A lot has happened in Congress on the health care front since we reviewed three different Republican plans to repeal and replace the Affordable Care Act here at Diabetes Flashpoints in January. In early March, House Speaker Paul Ryan introduced the American Health Care Act, a bill that would leave much of the framework of the Affordable Care Act in place while removing the link between income and subsidies used to buy insurance, letting insurance companies charge older Americans more in premiums, and reorganizing and cutting funding for Medicaid. Later that month, Ryan withdrew the bill just hours before a scheduled vote because it lacked the votes to pass.

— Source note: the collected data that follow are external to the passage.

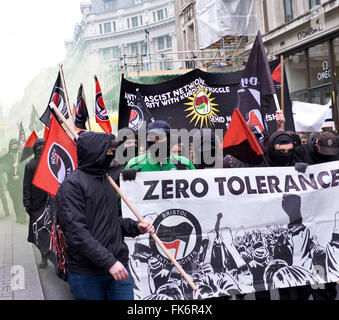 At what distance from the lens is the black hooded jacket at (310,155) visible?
5477 mm

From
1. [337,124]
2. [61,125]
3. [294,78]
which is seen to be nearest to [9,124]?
[294,78]

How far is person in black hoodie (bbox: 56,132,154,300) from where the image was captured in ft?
10.5

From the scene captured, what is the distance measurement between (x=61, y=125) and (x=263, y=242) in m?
2.03

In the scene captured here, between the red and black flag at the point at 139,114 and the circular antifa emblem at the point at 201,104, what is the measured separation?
82cm

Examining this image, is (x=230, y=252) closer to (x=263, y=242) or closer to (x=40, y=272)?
(x=263, y=242)

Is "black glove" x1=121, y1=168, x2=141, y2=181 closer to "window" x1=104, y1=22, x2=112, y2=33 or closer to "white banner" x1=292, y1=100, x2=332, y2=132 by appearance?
"white banner" x1=292, y1=100, x2=332, y2=132

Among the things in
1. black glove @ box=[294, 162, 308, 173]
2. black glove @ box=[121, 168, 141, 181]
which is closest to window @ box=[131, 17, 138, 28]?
black glove @ box=[294, 162, 308, 173]

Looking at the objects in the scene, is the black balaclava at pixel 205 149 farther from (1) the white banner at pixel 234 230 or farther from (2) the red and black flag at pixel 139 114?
(2) the red and black flag at pixel 139 114

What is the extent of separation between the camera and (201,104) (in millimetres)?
7797

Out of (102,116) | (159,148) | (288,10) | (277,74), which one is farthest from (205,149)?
(288,10)

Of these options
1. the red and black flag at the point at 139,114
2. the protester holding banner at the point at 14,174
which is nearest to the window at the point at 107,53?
the protester holding banner at the point at 14,174

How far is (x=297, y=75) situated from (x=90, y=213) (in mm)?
15373

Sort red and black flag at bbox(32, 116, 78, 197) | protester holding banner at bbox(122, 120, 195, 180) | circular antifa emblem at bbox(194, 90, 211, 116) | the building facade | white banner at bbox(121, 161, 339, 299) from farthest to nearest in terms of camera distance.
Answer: the building facade
circular antifa emblem at bbox(194, 90, 211, 116)
protester holding banner at bbox(122, 120, 195, 180)
white banner at bbox(121, 161, 339, 299)
red and black flag at bbox(32, 116, 78, 197)

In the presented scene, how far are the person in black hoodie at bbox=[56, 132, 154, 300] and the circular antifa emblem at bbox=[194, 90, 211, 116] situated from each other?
4389 millimetres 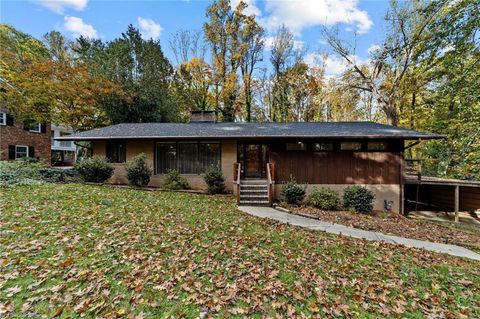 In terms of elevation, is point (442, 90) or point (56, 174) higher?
point (442, 90)

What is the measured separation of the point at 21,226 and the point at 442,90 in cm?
1471

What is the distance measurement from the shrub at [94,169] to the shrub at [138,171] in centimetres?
106

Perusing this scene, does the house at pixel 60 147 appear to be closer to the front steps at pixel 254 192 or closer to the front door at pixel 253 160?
the front door at pixel 253 160

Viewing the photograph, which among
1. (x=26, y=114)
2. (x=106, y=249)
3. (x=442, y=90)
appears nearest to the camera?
(x=106, y=249)

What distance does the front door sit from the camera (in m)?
12.1

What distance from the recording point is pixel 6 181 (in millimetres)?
8414

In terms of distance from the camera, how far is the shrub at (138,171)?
433 inches

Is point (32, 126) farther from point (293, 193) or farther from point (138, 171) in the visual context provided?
point (293, 193)

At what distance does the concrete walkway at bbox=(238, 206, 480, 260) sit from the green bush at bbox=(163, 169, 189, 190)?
4.07 m

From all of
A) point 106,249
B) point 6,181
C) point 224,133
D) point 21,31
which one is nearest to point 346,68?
point 224,133

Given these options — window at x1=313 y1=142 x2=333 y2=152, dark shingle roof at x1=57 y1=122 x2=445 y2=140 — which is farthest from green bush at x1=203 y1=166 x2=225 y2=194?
window at x1=313 y1=142 x2=333 y2=152

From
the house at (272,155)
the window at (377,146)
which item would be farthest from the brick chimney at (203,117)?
the window at (377,146)

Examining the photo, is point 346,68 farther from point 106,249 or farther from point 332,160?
point 106,249

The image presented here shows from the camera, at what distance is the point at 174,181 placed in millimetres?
11234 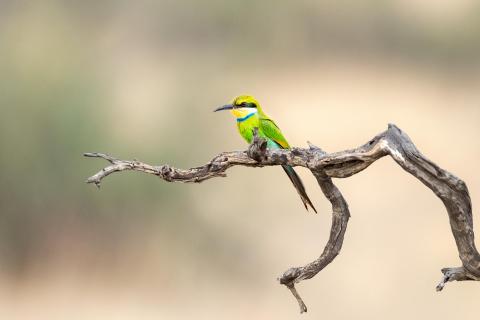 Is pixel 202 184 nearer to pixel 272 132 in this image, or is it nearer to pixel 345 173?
pixel 272 132

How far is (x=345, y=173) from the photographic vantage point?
1904 mm

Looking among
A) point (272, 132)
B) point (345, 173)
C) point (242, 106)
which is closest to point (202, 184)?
point (272, 132)

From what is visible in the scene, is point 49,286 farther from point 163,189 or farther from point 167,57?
point 167,57

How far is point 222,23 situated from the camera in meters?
9.34

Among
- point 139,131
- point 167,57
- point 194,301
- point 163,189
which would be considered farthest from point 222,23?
point 194,301

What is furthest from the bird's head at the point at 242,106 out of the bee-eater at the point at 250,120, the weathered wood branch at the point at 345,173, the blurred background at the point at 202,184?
the blurred background at the point at 202,184

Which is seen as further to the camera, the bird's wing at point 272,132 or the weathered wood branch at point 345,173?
the bird's wing at point 272,132

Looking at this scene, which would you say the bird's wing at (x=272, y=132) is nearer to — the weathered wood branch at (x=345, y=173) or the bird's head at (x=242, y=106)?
the bird's head at (x=242, y=106)

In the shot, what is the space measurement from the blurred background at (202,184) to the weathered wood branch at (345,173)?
11.8 feet

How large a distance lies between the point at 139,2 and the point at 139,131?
3139 millimetres

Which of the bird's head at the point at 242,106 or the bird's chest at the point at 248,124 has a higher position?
the bird's head at the point at 242,106

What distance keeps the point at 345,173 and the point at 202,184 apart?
5166 millimetres

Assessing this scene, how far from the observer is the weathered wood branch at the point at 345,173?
174 centimetres

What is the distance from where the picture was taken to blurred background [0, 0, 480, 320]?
5938 millimetres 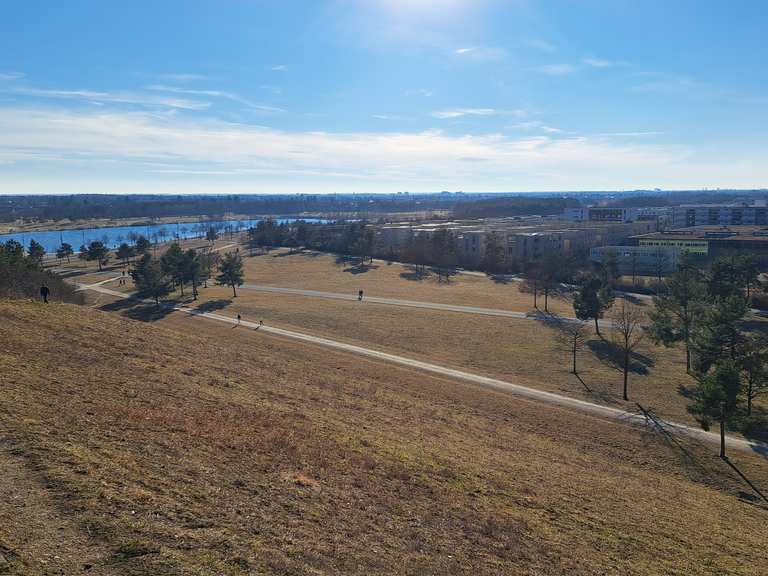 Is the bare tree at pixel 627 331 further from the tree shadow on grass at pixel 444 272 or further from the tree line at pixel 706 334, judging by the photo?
the tree shadow on grass at pixel 444 272

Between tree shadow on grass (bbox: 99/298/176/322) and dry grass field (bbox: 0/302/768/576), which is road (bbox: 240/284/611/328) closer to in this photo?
tree shadow on grass (bbox: 99/298/176/322)

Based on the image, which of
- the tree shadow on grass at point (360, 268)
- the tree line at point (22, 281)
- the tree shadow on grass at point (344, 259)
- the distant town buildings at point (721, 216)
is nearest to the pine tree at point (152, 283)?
the tree line at point (22, 281)

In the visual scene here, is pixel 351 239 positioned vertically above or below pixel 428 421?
above

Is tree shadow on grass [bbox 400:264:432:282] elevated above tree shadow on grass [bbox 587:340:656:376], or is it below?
above

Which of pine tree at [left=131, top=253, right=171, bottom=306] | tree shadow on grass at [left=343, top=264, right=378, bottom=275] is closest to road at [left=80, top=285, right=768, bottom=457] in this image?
pine tree at [left=131, top=253, right=171, bottom=306]

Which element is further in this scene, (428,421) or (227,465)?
(428,421)

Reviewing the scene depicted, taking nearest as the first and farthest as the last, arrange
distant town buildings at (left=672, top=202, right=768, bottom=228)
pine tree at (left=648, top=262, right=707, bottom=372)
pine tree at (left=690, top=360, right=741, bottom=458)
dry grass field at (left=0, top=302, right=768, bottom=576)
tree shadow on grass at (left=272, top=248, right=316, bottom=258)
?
dry grass field at (left=0, top=302, right=768, bottom=576), pine tree at (left=690, top=360, right=741, bottom=458), pine tree at (left=648, top=262, right=707, bottom=372), tree shadow on grass at (left=272, top=248, right=316, bottom=258), distant town buildings at (left=672, top=202, right=768, bottom=228)

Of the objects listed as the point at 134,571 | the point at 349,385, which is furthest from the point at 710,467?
the point at 134,571

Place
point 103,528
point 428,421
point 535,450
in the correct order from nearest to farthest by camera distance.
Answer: point 103,528
point 535,450
point 428,421

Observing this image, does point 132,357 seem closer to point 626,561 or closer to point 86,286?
point 626,561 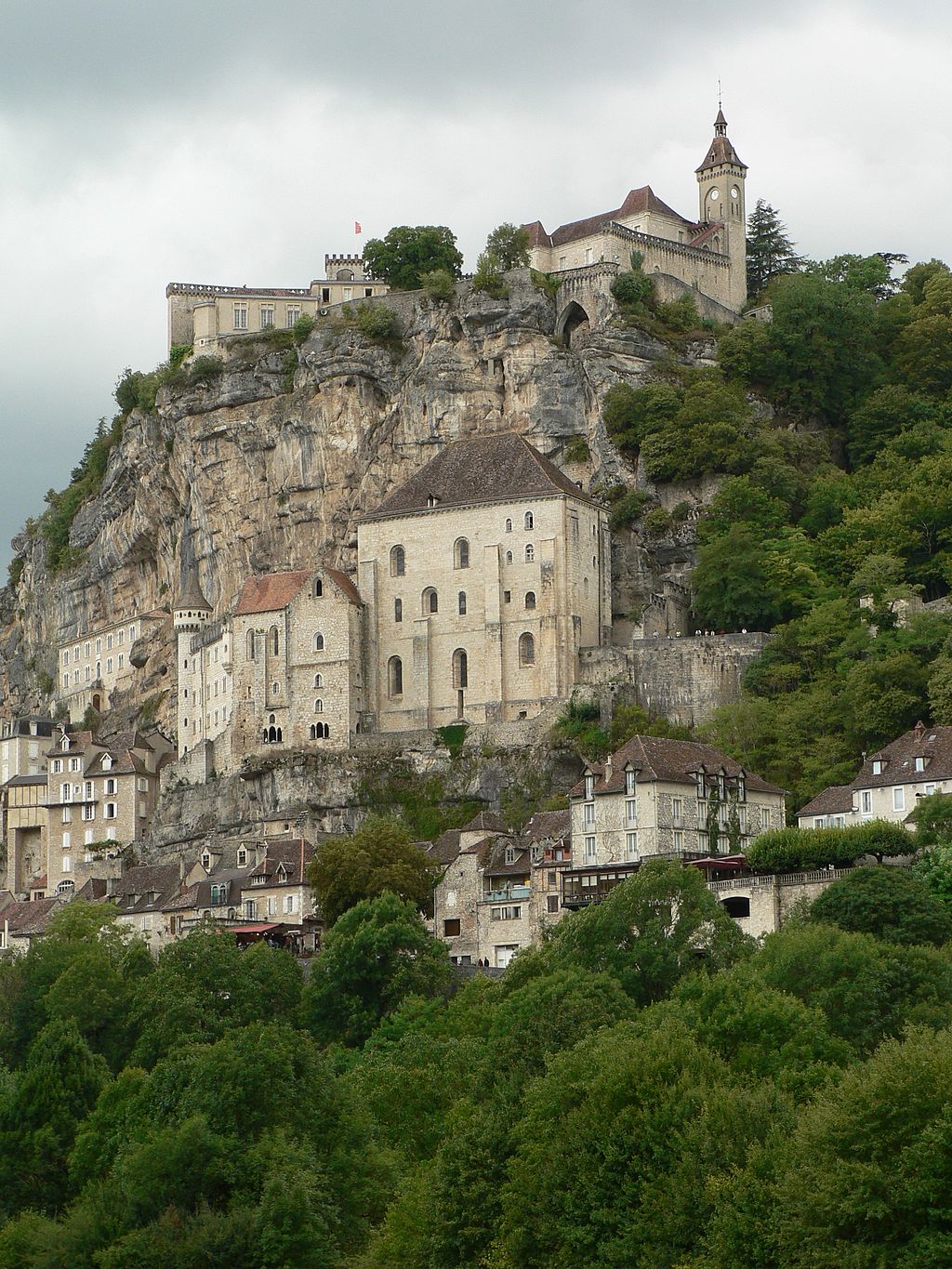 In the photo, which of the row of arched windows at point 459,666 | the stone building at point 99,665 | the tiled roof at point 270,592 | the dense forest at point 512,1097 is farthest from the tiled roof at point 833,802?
the stone building at point 99,665

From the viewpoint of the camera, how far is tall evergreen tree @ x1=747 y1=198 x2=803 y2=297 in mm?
121438

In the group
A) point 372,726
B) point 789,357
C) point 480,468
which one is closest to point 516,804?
point 372,726

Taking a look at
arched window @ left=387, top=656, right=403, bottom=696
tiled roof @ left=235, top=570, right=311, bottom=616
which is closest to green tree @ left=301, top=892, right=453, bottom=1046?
arched window @ left=387, top=656, right=403, bottom=696

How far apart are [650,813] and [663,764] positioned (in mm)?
1884

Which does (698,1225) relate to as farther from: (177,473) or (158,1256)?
(177,473)

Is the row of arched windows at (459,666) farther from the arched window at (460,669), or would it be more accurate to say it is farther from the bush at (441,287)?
the bush at (441,287)

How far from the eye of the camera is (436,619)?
311 feet

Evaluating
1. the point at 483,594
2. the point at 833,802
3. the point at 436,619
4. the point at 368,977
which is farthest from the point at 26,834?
the point at 833,802

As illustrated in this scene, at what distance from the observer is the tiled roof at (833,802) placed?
77.9m

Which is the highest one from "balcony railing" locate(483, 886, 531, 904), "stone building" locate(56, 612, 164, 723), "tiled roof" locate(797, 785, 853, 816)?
"stone building" locate(56, 612, 164, 723)

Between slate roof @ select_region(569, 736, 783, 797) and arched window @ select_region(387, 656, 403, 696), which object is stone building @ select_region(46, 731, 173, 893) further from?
slate roof @ select_region(569, 736, 783, 797)

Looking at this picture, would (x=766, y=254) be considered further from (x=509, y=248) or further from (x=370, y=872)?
(x=370, y=872)

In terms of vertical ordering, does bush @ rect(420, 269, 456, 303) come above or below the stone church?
above

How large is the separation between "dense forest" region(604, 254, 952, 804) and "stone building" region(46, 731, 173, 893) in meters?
22.9
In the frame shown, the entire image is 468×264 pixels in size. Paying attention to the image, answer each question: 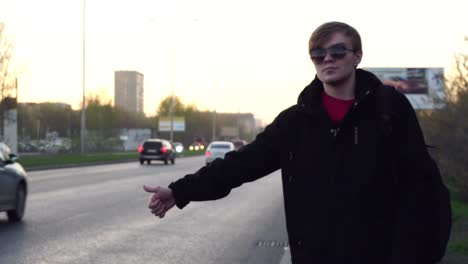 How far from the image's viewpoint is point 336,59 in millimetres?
3605

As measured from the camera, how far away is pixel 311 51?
3697 millimetres

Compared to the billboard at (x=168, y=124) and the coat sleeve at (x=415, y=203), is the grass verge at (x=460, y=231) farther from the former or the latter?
the billboard at (x=168, y=124)

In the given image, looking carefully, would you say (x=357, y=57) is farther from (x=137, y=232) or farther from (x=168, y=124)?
(x=168, y=124)

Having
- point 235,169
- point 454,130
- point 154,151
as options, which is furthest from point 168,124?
point 235,169

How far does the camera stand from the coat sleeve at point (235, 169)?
→ 3773 millimetres

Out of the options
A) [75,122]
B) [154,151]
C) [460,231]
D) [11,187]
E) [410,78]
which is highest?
[410,78]

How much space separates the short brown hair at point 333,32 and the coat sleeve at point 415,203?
377 mm

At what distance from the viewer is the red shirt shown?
357 cm

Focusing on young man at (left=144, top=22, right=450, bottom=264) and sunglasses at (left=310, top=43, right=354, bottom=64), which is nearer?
young man at (left=144, top=22, right=450, bottom=264)

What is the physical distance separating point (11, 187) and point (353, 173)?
38.7 ft

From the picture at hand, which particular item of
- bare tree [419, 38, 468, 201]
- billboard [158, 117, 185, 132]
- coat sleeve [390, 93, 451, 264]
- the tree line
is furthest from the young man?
billboard [158, 117, 185, 132]

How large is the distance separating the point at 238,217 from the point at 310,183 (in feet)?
44.1

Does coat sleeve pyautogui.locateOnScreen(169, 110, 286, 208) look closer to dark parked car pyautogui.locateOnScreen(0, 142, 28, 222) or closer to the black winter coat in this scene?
the black winter coat

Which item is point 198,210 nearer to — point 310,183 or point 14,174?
point 14,174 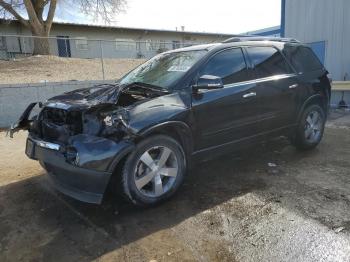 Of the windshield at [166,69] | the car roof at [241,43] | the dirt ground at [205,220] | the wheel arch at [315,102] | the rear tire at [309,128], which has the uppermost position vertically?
the car roof at [241,43]

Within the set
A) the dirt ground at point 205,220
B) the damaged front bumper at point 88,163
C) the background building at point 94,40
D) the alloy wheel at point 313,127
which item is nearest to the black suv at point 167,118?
the damaged front bumper at point 88,163

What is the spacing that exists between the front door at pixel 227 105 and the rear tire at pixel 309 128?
112cm

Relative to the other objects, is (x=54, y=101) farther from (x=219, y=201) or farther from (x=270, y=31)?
(x=270, y=31)

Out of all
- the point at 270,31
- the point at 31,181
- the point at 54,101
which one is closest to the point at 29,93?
the point at 31,181

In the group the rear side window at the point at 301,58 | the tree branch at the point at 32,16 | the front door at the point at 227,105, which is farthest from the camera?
the tree branch at the point at 32,16

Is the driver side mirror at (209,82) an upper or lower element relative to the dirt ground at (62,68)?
upper

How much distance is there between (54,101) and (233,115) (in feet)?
7.28

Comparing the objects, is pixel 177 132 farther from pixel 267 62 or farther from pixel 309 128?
pixel 309 128

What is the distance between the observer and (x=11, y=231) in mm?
3232

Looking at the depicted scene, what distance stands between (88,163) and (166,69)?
185 cm

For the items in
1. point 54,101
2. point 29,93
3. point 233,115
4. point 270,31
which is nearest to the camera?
point 54,101

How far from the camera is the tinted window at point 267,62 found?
4.58 meters

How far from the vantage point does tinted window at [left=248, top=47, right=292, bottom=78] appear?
458 centimetres

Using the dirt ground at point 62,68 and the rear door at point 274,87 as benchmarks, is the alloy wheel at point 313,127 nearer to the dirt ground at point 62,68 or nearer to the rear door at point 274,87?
the rear door at point 274,87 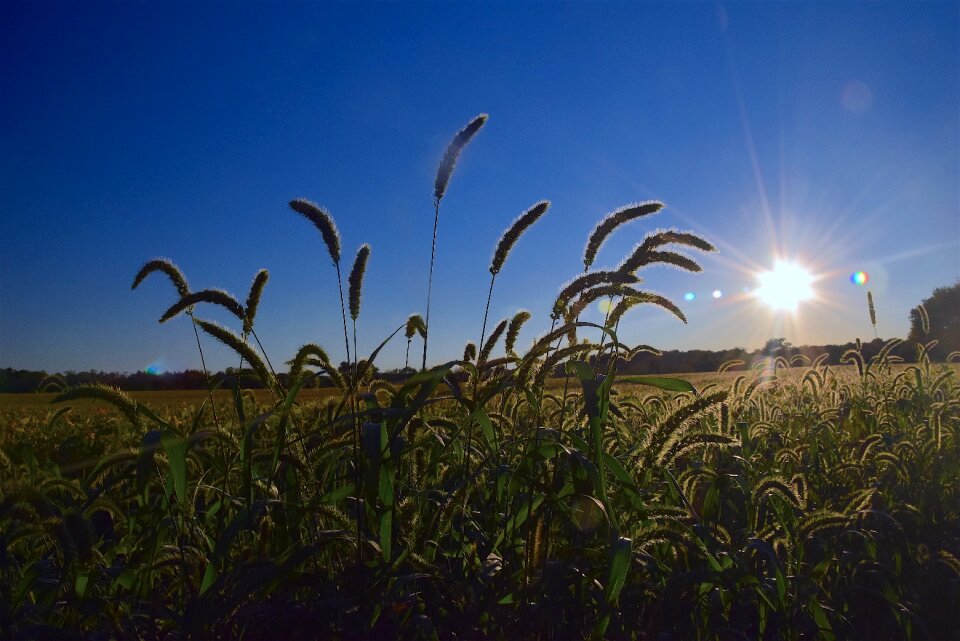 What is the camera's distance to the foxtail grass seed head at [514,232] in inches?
106

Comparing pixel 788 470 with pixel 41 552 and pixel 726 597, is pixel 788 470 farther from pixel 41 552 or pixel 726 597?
pixel 41 552

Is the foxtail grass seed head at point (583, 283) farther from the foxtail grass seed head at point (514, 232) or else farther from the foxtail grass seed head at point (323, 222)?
the foxtail grass seed head at point (323, 222)

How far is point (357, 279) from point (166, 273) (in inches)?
30.7

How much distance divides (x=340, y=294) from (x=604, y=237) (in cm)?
116

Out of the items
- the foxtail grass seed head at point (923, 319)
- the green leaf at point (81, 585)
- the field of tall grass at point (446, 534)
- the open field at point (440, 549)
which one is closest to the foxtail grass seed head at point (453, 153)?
the field of tall grass at point (446, 534)

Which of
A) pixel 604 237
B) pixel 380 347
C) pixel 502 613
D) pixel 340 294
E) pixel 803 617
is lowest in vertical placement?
pixel 803 617

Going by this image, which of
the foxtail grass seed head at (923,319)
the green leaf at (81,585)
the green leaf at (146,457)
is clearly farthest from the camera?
the foxtail grass seed head at (923,319)

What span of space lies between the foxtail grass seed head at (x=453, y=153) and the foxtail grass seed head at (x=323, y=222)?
0.47 m

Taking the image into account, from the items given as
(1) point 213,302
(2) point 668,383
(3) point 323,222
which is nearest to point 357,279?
(3) point 323,222

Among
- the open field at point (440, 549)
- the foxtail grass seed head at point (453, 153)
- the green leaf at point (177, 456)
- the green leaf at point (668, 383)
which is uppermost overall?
the foxtail grass seed head at point (453, 153)

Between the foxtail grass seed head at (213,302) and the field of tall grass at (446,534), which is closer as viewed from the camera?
the field of tall grass at (446,534)

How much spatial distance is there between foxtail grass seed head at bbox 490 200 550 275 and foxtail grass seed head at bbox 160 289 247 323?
40.8 inches

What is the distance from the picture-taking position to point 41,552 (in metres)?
3.01

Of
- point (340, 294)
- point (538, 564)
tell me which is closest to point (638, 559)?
point (538, 564)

Then just last week, the bill was reintroduced with a few changes designed to win the support of certain House members who didn’t back the bill in its original form. As noted in an article at CNN, the new version would allow states to opt out of requiring that insurers cover people with pre-existing conditions without charging them more — meaning that people with expensive health conditions could end up paying much more for insurance. The bill would also allow states to opt out of requiring insurers to cover certain essential health benefits, which means that insurers could sell cheaper, stripped-down insurance that doesn’t cover certain conditions or areas of care.

Not surprisingly, this new version of the bill has been met by opposition from several different medical associations, including two representing diabetes: the American Diabetes Association and JDRF. In a joint statement with eight other groups, including the American Heart Association and the March of Dimes, the organizations state that “The individuals and families we represent cannot go back to a time when people with pre-existing conditions could be denied coverage or forced to choose between purchasing basic necessities and affording their health care coverage.”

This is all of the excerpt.